My book, Exploring Discrete Geometry, was published in 2024 by the MAA (Mathematical Association of America) in the Anneli Lax series. This series has for its target audience high school students excited about mathematics. The description below is from the back cover:

Together with its clear mathematical exposition, the problems in this book take the reader from an introduction to discrete geometry all the way to its frontiers. Investigations start with easily drawn figures, such as dividing a polygon into triangles or finding the minimum number of "guards" for a polygon ("art gallery" problem). These early explorations build intuition and set the stage. Variations on the initial problems stretch this intuition in new directions. These variations on problems together with growing intuition and understanding illustrate the theme of this book: "When you have answered the question, it is time to question the answer." Numerous drawings, informal explanations, and careful reasoning build on high school algebra and geometry.

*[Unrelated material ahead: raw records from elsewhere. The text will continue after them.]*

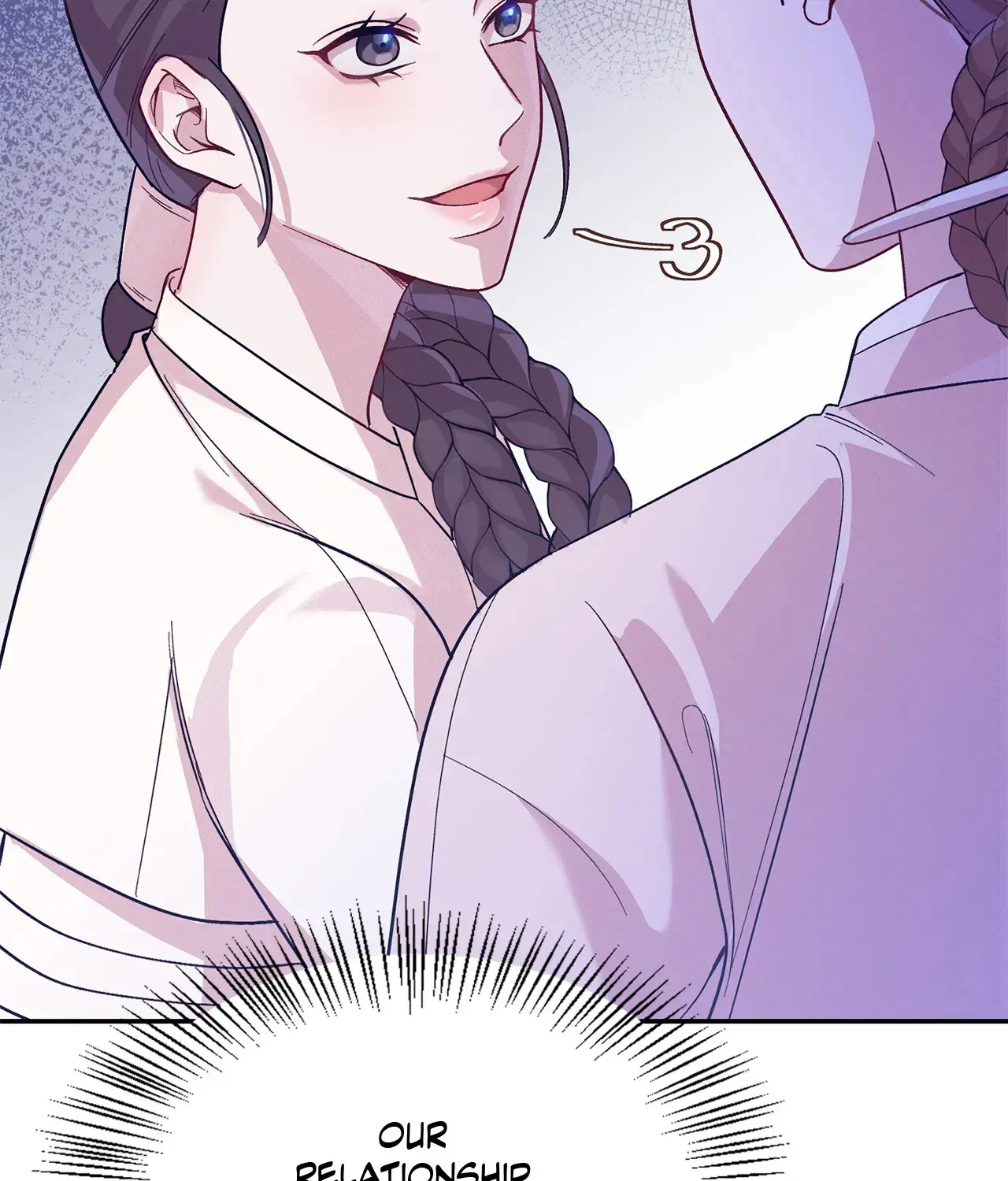 Bound by Fate Chapter 6 - Page 80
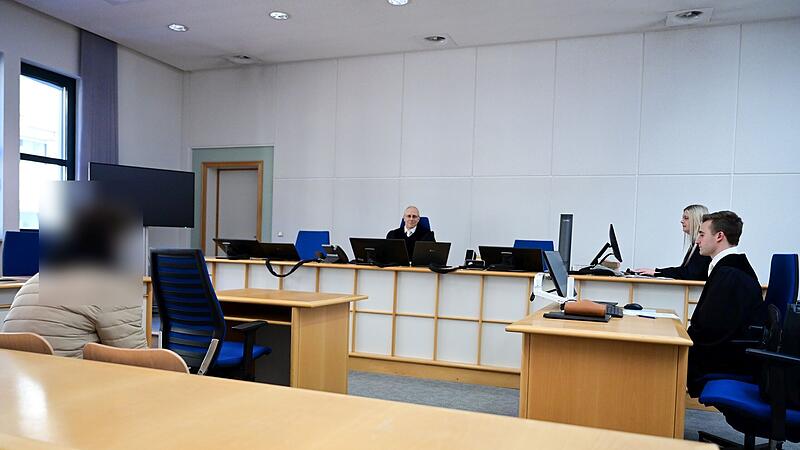 Amtsgericht Bamberg Prozess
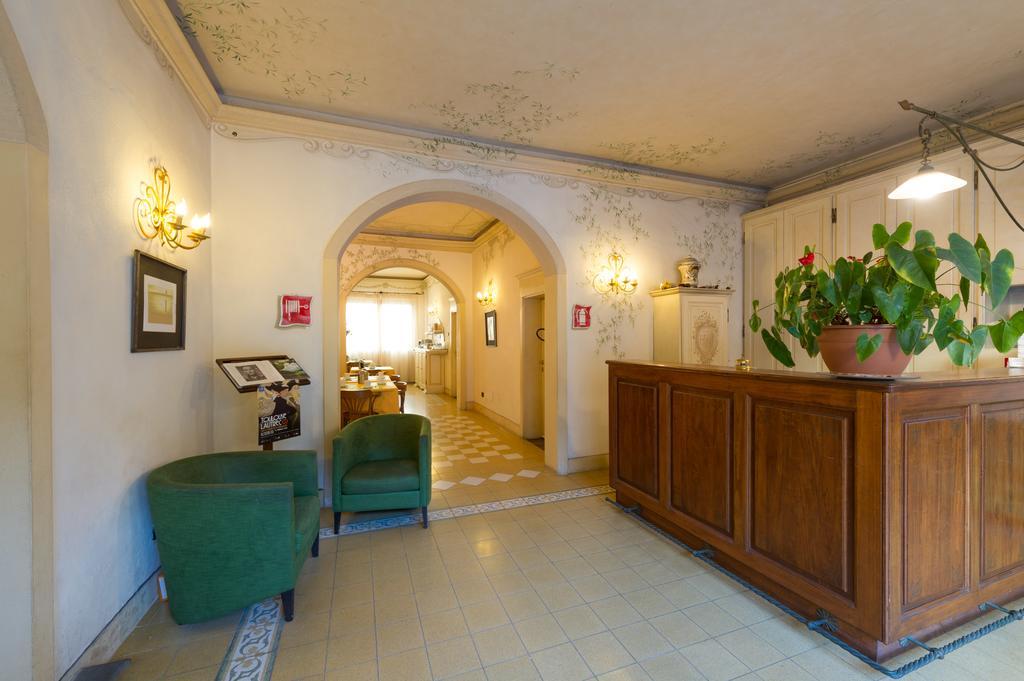 Hotel Moderno Піза Екстер'єр фото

My abstract algebra text, Thinking Algebraically: An Introduction to Abstract Algebra was published by the MAA/AMS in 2022.  The description below is from the back cover.

Thinking Algebraically presents the insights of abstract algebra in a welcoming and accessible way.  It succeeds in combining the advantages of rings-first and groups-first approaches while avoiding the disadvantages.  After an historical overview, the first chapter studies familiar examples and elementary properties of groups and rings simultaneously to motivate the modern understanding of algebra. The text builds intuition for abstract algebra starting from high school algebra.  In addition to the standard number systems, polynomials, vectors, and matrices, the first chapter introduces modular arithmetic and dihedral groups.  The second chapter builds on these basic examples and properties, enabling students to learn structural ideas common to rings and groups: isomorphism, homomorphism and direct product.  The third chapter investigates introductory group theory.  Later chapters delve more deeply into groups, rings, and fields, including Galois theory, and introduce other topics, such as lattices.  The exposition is clear and conversational throughout.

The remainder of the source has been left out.